National News

Drone sightings sparking increasing concern locally

Posted January 17, 2018 1:26 p.m. EST

TAMPA -- Shortly before Christmas, Hillsborough County Sheriff's pilot Jason Doyle was flying a department helicopter over east Hillsborough when he saw the lights of a drone.

It was about 800 feet below him and a half-mile away, and quite bright, said Doyle, who said the drone was being operated safely.

But not all such local encounters have been so benign.

At least 20 times between January and September last year, aircraft taking off or landing at area airports reported seeing drones, Federal Aviation Administration records show. The sightings sparked more than a dozen requests to local law enforcement to seek out the operators, including one incident where a sheriff's helicopter shadowed a drone flying near Tampa International Airport for a short distance.

By comparison, there were nine such incidents reported in 2015.

Doyle said the drone he saw wasn't near an airport. The ones encountered by pilots while taking off and landing represent a far greater danger, he said.

Doyle pointed to a study released by the FAA in November that said drones colliding with large manned aircraft can cause more structural damage than birds of the same weight. Unlike the soft mass and tissue of birds, drones are typically made of much harder materials.

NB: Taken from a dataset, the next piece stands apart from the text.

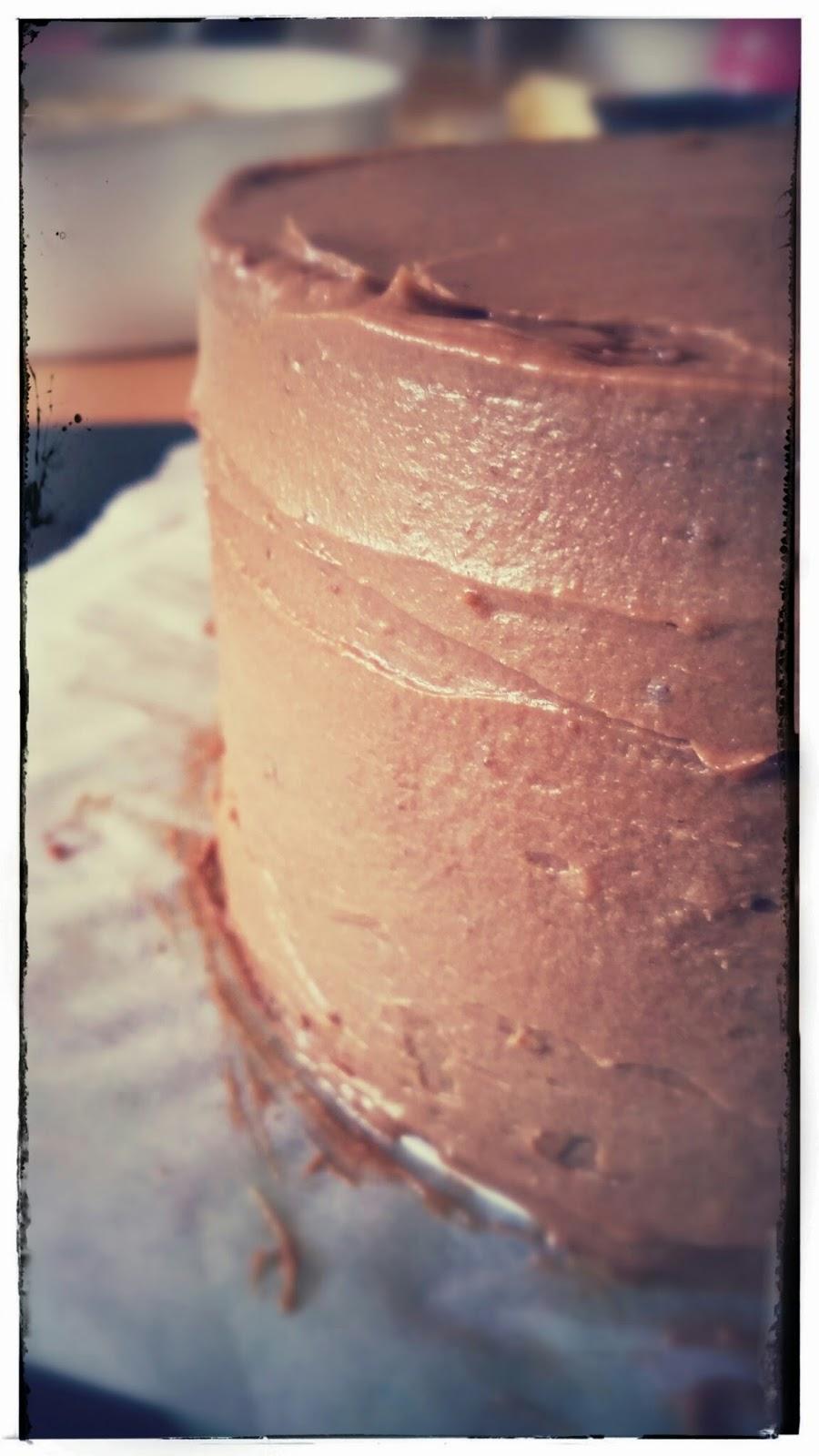 Layer cake vanille/chocolat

With 13 pilots reporting drone sightings, TIA had the most such encounters locally, according to the FAA records, which go through last September. St. Pete-Clearwater International Airport had four, Sarasota International Airport had two and Bartow had one.

The first in the area happened Jan. 8, when the pilot of a Hawker Beechcraft B400, a small twin engine jet, saw a yellow quadcopter while traveling southbound at 4,000 feet about six miles west of TIA. The Pinellas County Sheriff's office was notified.

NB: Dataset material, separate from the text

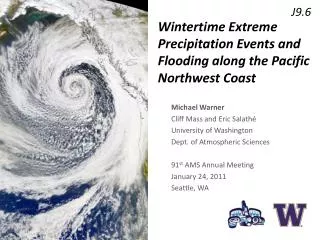 Wintertime Extreme Precipitation Events and Flooding along the Pacific Northwest Coast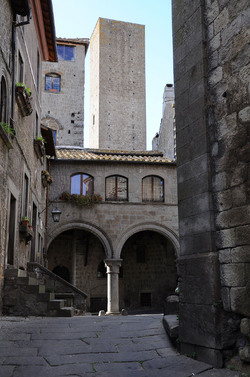 VITERBO e il suo centro storico. Fotografie di Giulio Azzarello &copy;2014.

Five days later, an Airbus A320 passenger jet was landing at TIA when pilots reported seeing a drone flying about 4,300 feet over the Howard Frankland Bridge. At first, the pilot thought it was a group of balloons but as he got closer he said it was definitely a drone, flying off his left side less than a mile away.

On Feb, 23, an HSCO helicopter spotted a drone flying about four miles northwest of TIA. The pilot followed the drone until he found the operator and reported the incident to the tower.

Because of the increase in the number of drones flying, including those found on or near TIA, the Hillsborough County Aviation Authority in September issued new guidelines for operating them.

There were no specific incidents that sparked the new rules, said airport spokeswoman Emily Nipps. "But this is a growing issue and more and more people are flying drones, so we wanted to get out ahead of it," she said.

The new rules include no flights within five miles of any of the county's five airports without first contacting FAA Air Traffic Control and the Aviation Authority. For more information and to see restriction zones, go to

The authority will hold another meeting at the airport in May to go over the restrictions and get community input, Nipps said.

The Consumer Technology Association estimated 3.4 million drones were sold during this year's holiday shopping season. Not surprisingly, drone sightings from pilots, citizens and law enforcement have increased dramatically in recent years, according to the FAA, which says it now receives more than 100 such reports each month.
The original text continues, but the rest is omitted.